* TASK TO CARRY OUT
Word for word, copy the lines beginning at the one with "Overview of the" and ending at the last line below; pictures stay out.

* SUPPLIED MATERIAL
==========
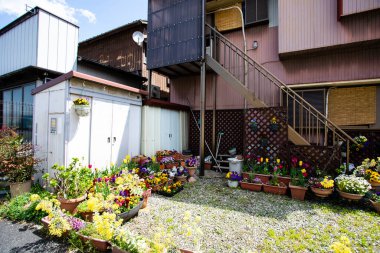 Konut binasının dışındaki saksılarda renkli çiçekler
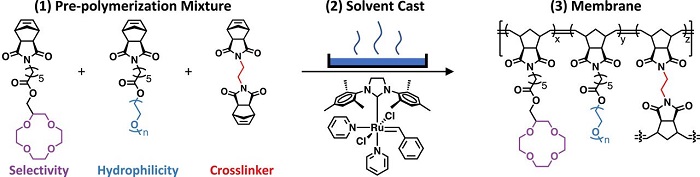 Overview of the materials and solvent casting process used to create 12C4-containing polynorbornene membranes. Source: Samuel J. Warnock et al.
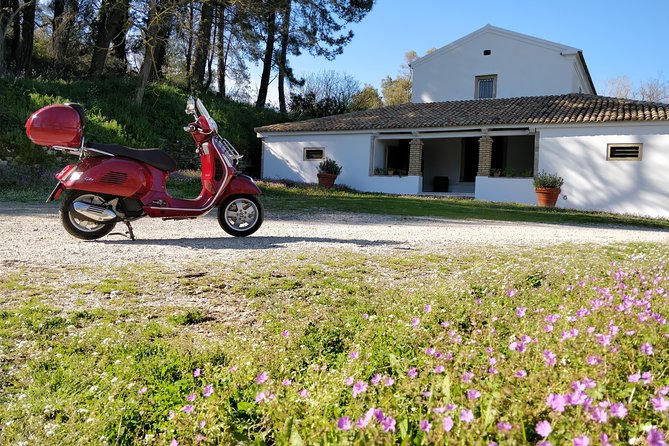 Savour The Flavors Of Corfu Vespa Scooter Tour - A food tour with a Vespa engine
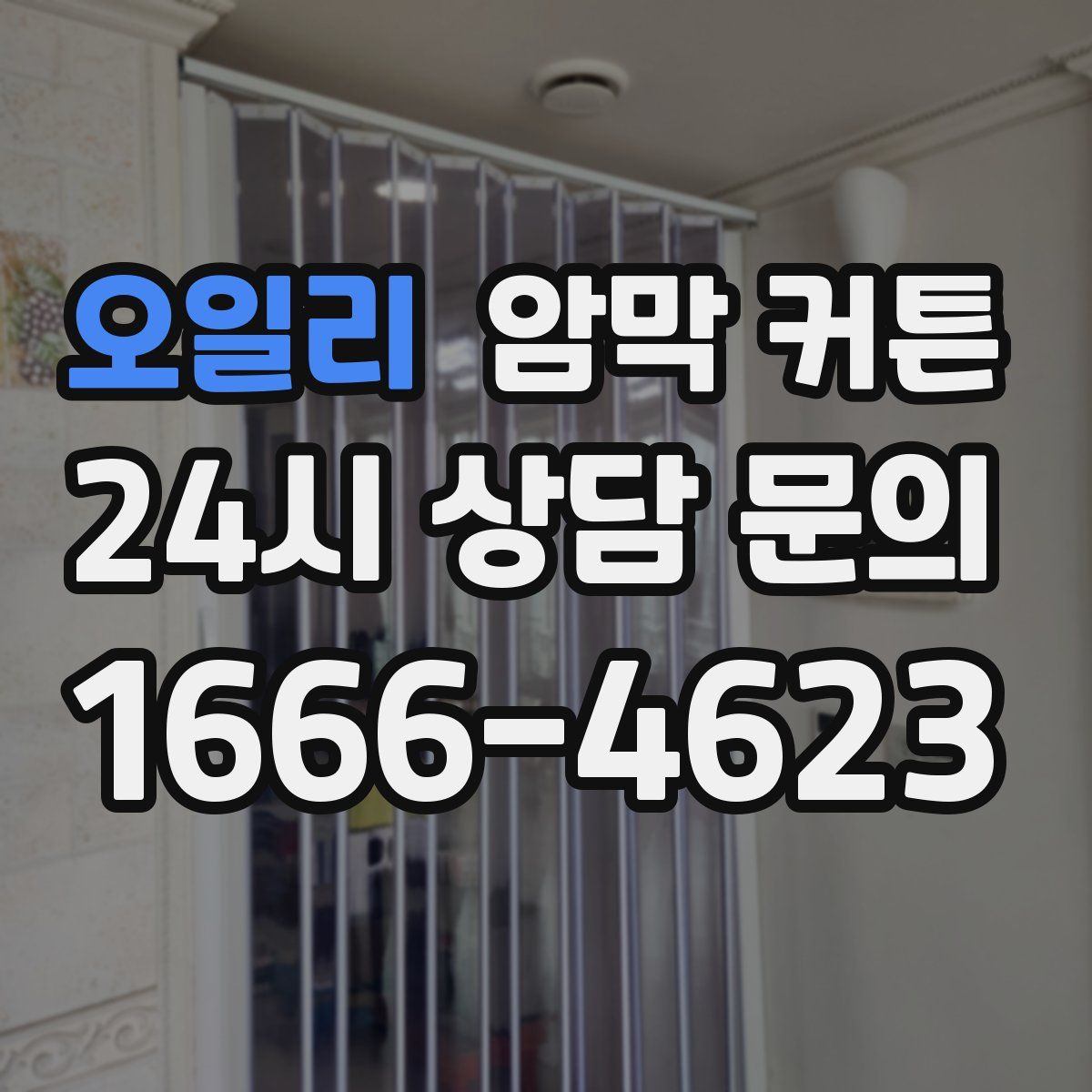 오일리 암막 커튼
==========
* TASK OUTPUT
 Overview of the materials and solvent casting process used to create 12C4-containing polynorbornene membranes. Source: Samuel J. Warnock et al.
 Savour The Flavors Of Corfu Vespa Scooter Tour - A food tour with a Vespa engine
 오일리 암막 커튼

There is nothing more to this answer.